PROBLEM DETAILS
Nothing but the lines below from the one containing "天然A货翡翠冰种飘花貔貅吊坠，尺寸37.7-22-11.8，重量:19.44g" through the one containing "Người di cư" should appear in the answer, exact and without pictures.

MATERIAL FOR THIS TASK
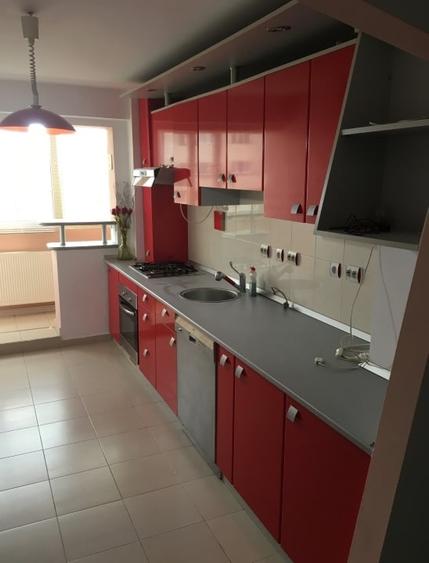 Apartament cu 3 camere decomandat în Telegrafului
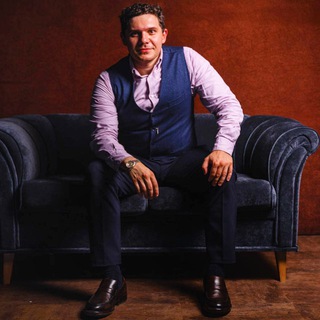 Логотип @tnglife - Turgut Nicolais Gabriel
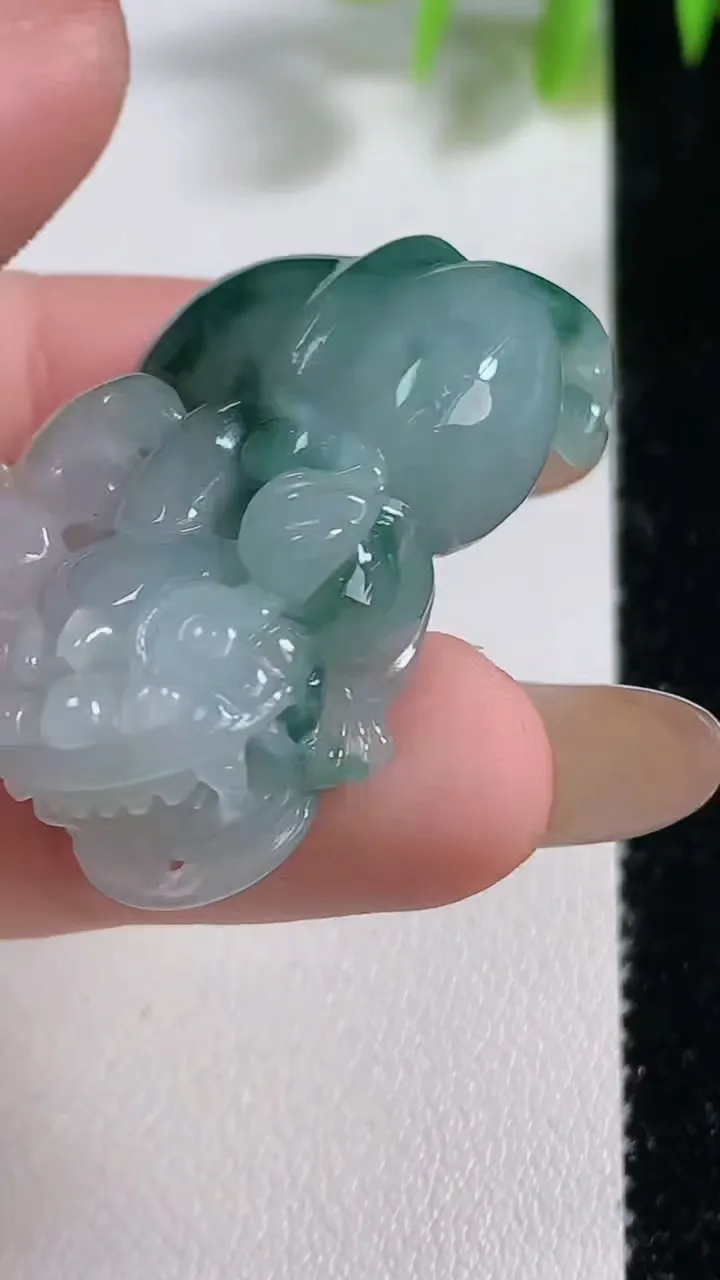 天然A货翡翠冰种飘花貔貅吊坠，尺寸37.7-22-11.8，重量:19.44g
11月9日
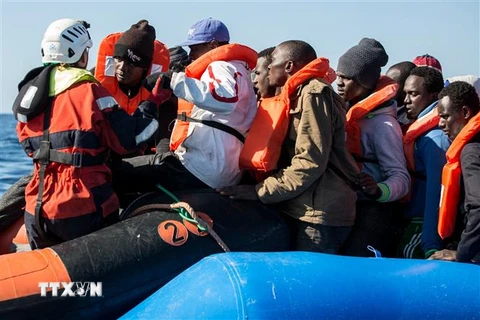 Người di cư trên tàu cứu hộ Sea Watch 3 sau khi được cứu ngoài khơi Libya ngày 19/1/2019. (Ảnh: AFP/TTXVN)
* * *
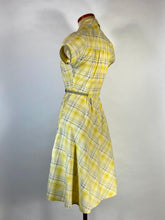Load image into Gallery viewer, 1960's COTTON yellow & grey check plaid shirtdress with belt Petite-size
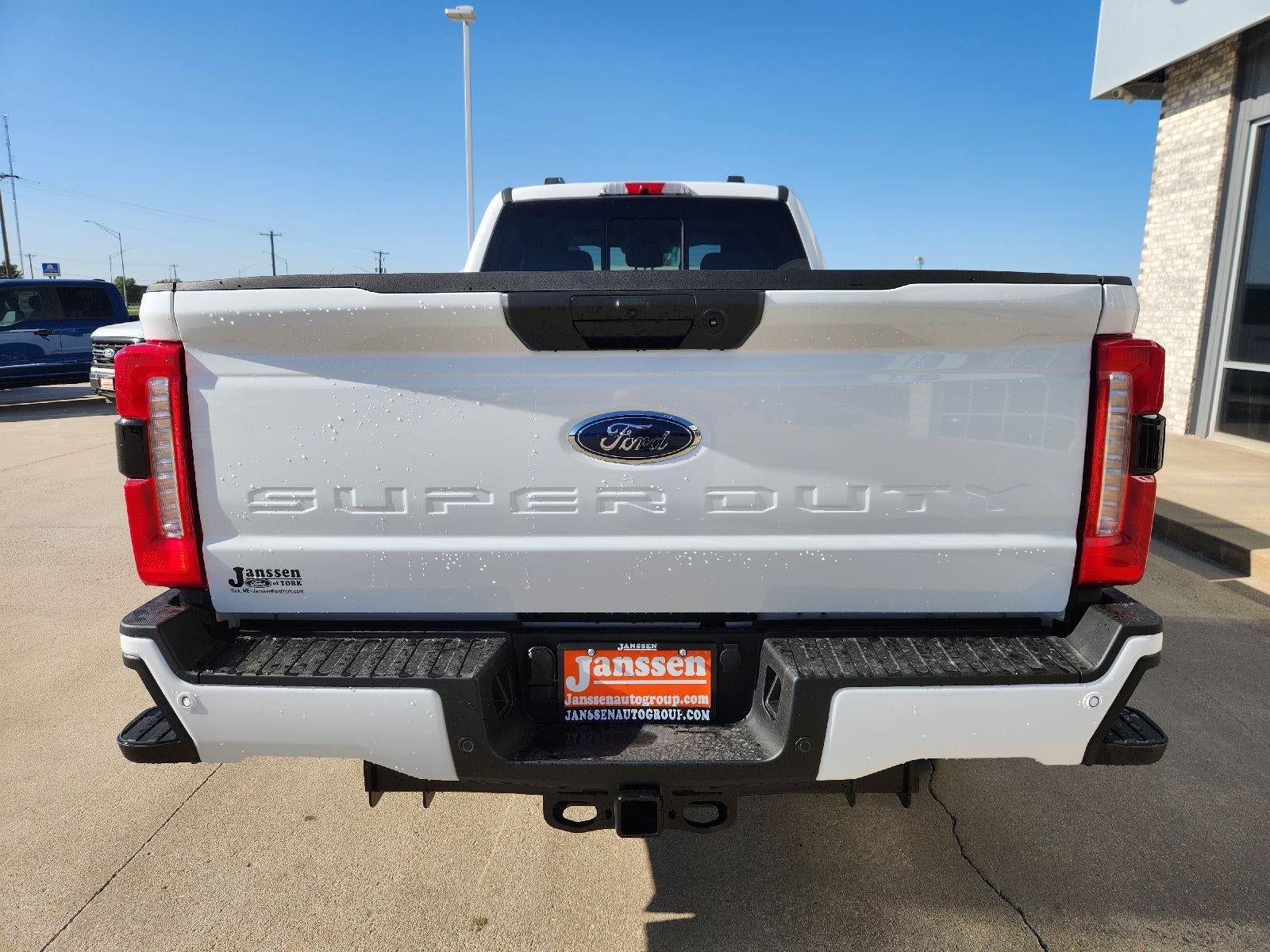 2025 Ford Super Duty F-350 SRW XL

TASK ANSWER
 天然A货翡翠冰种飘花貔貅吊坠，尺寸37.7-22-11.8，重量:19.44g
11月9日
 Người di cư trên tàu cứu hộ Sea Watch 3 sau khi được cứu ngoài khơi Libya ngày 19/1/2019. (Ảnh: AFP/TTXVN)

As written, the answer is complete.